* [WHAT YOU NEED TO DO]: Send back every record exactly.

Caption-style text data
-=-=-

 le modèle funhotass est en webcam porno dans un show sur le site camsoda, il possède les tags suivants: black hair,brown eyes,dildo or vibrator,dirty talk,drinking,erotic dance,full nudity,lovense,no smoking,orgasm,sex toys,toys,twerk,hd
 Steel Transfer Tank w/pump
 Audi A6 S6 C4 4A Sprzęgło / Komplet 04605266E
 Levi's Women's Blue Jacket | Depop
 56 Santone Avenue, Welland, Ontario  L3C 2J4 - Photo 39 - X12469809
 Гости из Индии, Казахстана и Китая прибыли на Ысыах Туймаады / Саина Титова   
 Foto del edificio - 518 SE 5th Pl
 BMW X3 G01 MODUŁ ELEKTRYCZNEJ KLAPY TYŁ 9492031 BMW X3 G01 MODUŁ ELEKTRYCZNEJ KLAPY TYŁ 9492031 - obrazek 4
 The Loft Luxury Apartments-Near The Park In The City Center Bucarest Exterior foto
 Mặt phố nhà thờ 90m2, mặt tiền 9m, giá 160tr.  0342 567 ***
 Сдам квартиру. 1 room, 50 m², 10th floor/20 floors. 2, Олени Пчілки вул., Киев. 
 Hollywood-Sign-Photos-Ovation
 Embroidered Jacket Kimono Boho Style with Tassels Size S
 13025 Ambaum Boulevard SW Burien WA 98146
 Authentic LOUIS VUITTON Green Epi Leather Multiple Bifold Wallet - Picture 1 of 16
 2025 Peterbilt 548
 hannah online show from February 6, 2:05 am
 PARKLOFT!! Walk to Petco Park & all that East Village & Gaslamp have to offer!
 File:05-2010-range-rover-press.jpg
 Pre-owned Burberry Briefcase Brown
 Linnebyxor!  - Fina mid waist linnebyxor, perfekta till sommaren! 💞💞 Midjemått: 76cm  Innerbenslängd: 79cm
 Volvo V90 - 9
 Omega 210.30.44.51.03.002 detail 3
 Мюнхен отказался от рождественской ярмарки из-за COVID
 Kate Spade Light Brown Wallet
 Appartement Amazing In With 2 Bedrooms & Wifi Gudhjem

-=-=-

* [EXERCISE SOLUTION]:
 le modèle funhotass est en webcam porno dans un show sur le site camsoda, il possède les tags suivants: black hair,brown eyes,dildo or vibrator,dirty talk,drinking,erotic dance,full nudity,lovense,no smoking,orgasm,sex toys,toys,twerk,hd
 Steel Transfer Tank w/pump
 Audi A6 S6 C4 4A Sprzęgło / Komplet 04605266E
 Levi's Women's Blue Jacket | Depop
 56 Santone Avenue, Welland, Ontario  L3C 2J4 - Photo 39 - X12469809
 Гости из Индии, Казахстана и Китая прибыли на Ысыах Туймаады / Саина Титова   
 Foto del edificio - 518 SE 5th Pl
 BMW X3 G01 MODUŁ ELEKTRYCZNEJ KLAPY TYŁ 9492031 BMW X3 G01 MODUŁ ELEKTRYCZNEJ KLAPY TYŁ 9492031 - obrazek 4
 The Loft Luxury Apartments-Near The Park In The City Center Bucarest Exterior foto
 Mặt phố nhà thờ 90m2, mặt tiền 9m, giá 160tr.  0342 567 ***
 Сдам квартиру. 1 room, 50 m², 10th floor/20 floors. 2, Олени Пчілки вул., Киев. 
 Hollywood-Sign-Photos-Ovation
 Embroidered Jacket Kimono Boho Style with Tassels Size S
 13025 Ambaum Boulevard SW Burien WA 98146
 Authentic LOUIS VUITTON Green Epi Leather Multiple Bifold Wallet - Picture 1 of 16
 2025 Peterbilt 548
 hannah online show from February 6, 2:05 am
 PARKLOFT!! Walk to Petco Park & all that East Village & Gaslamp have to offer!
 File:05-2010-range-rover-press.jpg
 Pre-owned Burberry Briefcase Brown
 Linnebyxor!  - Fina mid waist linnebyxor, perfekta till sommaren! 💞💞 Midjemått: 76cm  Innerbenslängd: 79cm
 Volvo V90 - 9
 Omega 210.30.44.51.03.002 detail 3
 Мюнхен отказался от рождественской ярмарки из-за COVID
 Kate Spade Light Brown Wallet
 Appartement Amazing In With 2 Bedrooms & Wifi Gudhjem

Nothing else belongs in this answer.